### Given material

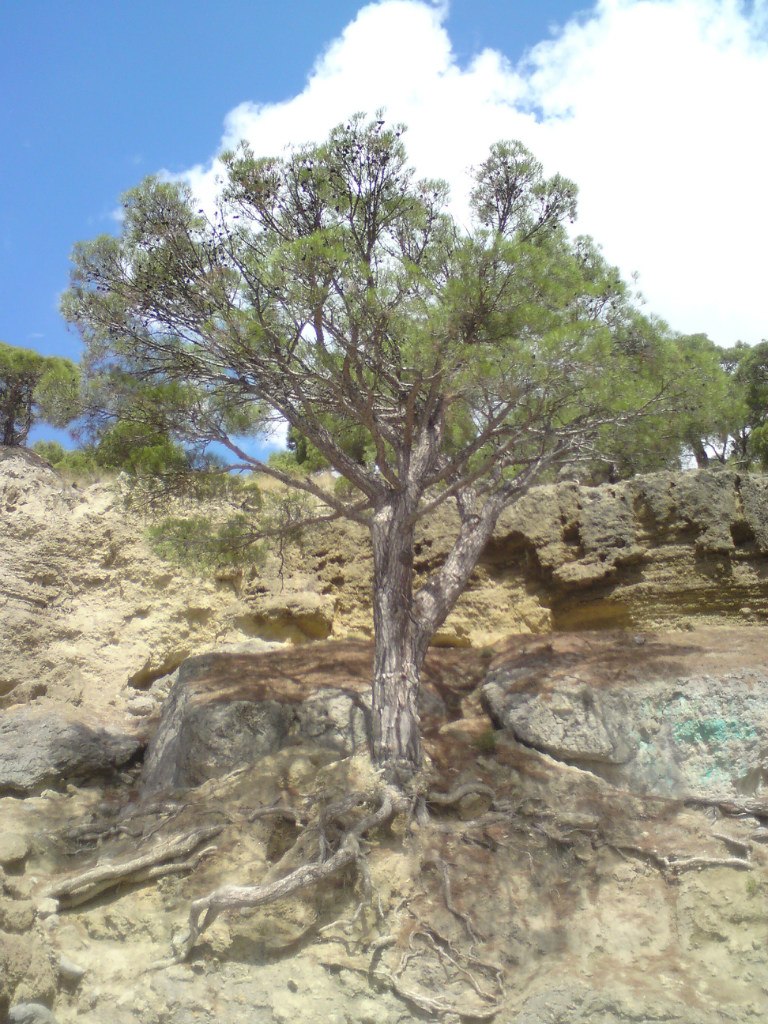 Роман Колосарь | Харьков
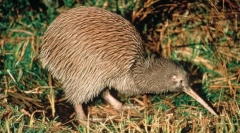 Dlaczego ptak kiwi jest taki długi dziób?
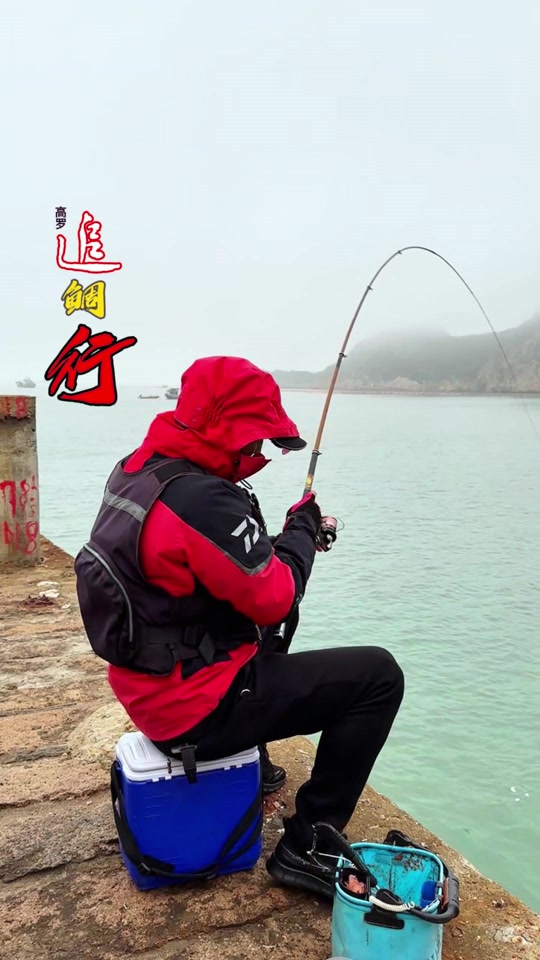 海钓阿波怎么玩(阿波海钓法图解)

######

* About this exercise: Return the material exactly as given, apart from the pictures.

* Response to the task:
 Роман Колосарь | Харьков
 Dlaczego ptak kiwi jest taki długi dziób?
 海钓阿波怎么玩(阿波海钓法图解)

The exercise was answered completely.